El anuncio lo ha realizado este jueves el presidente del Partido de los Socialistas Europeos (PES), Stefan Lofven, durante una reunión de la familia socialdemócrata europea previa al encuentro informal en Bruselas con motivo del Consejo Europeo extraordinario, en el que los líderes comunitarios pretenden calibrar la relación con el presidente de Estados Unidos, Donald Trump, en un contexto marcado por las tensiones derivadas de las amenazas de anexión de Groenlandia, territorio autónomo de Dinamarca.
Esta cita internacional se enmarca como el primer gran encuentro de la “Movilización Progresista Global”, una iniciativa que tomó forma tras el Congreso de líderes socialistas europeos celebrado en octubre y que recibió el apoyo explícito tanto del jefe del Ejecutivo español como del presidente brasileño Luiz Inácio Lula da Silva.
En un comunicado, el PES ha recalcado que la contestación a las actuales fuerzas reaccionarias y nacionalistas “no puede ser fragmentada ni tímida”. “La ‘Movilización Progresista Global’ es nuestra respuesta colectiva: unir a los progresistas a través de las fronteras para defender la democracia, el multilateralismo y la justicia social”, ha subrayado la organización.

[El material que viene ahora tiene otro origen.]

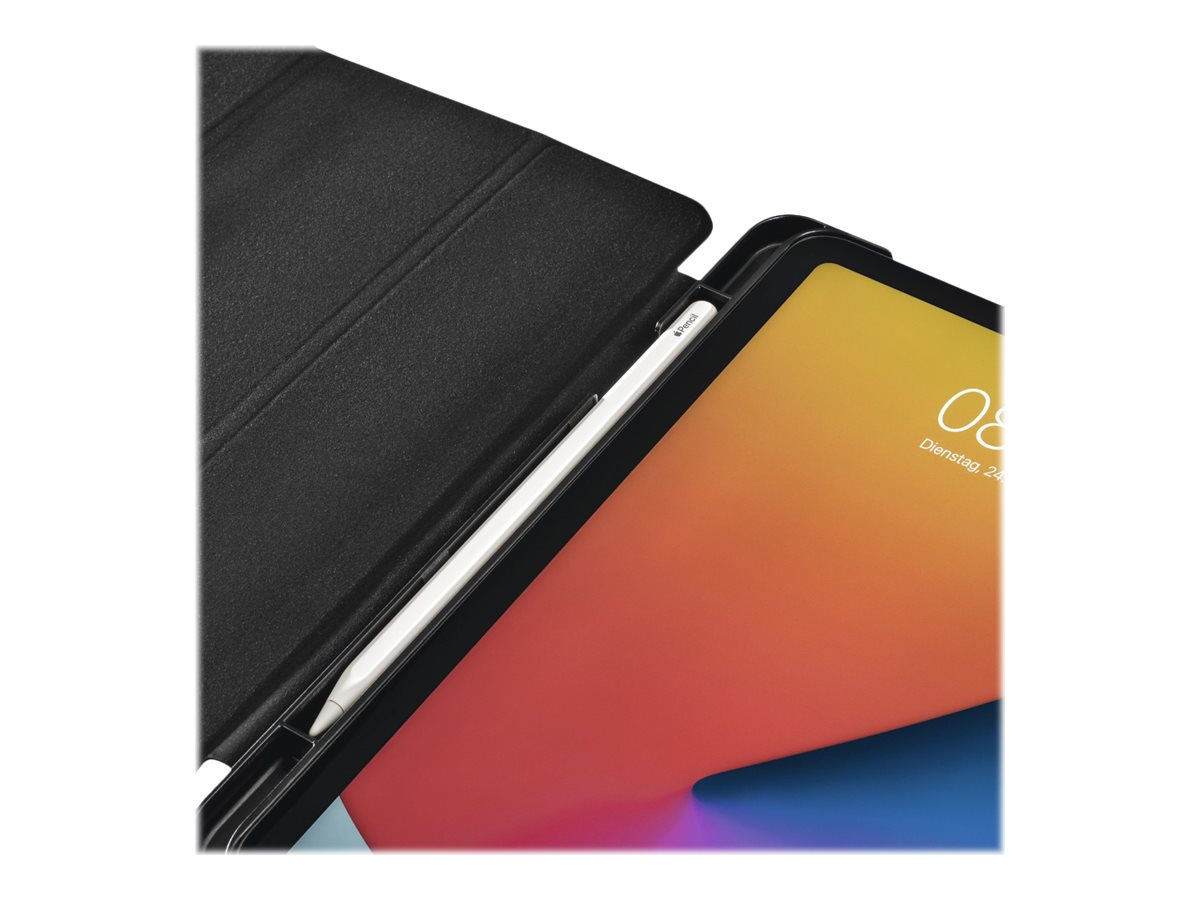 Hama Fold Tablet-Hülle Apple iPad Air 4/5 10,9 Zoll Schwarz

Los socialistas europeos insisten en que, en un momento de fuerte incertidumbre internacional, las fuerzas progresistas deben “actuar juntos, con determinación y confianza” porque “tienen la responsabilidad histórica de liderar esta agenda, oponiéndose a la extrema derecha y a quienes socavan la integración europea, y defendiendo al mismo tiempo los valores y prioridades que sustentan el proyecto europeo”.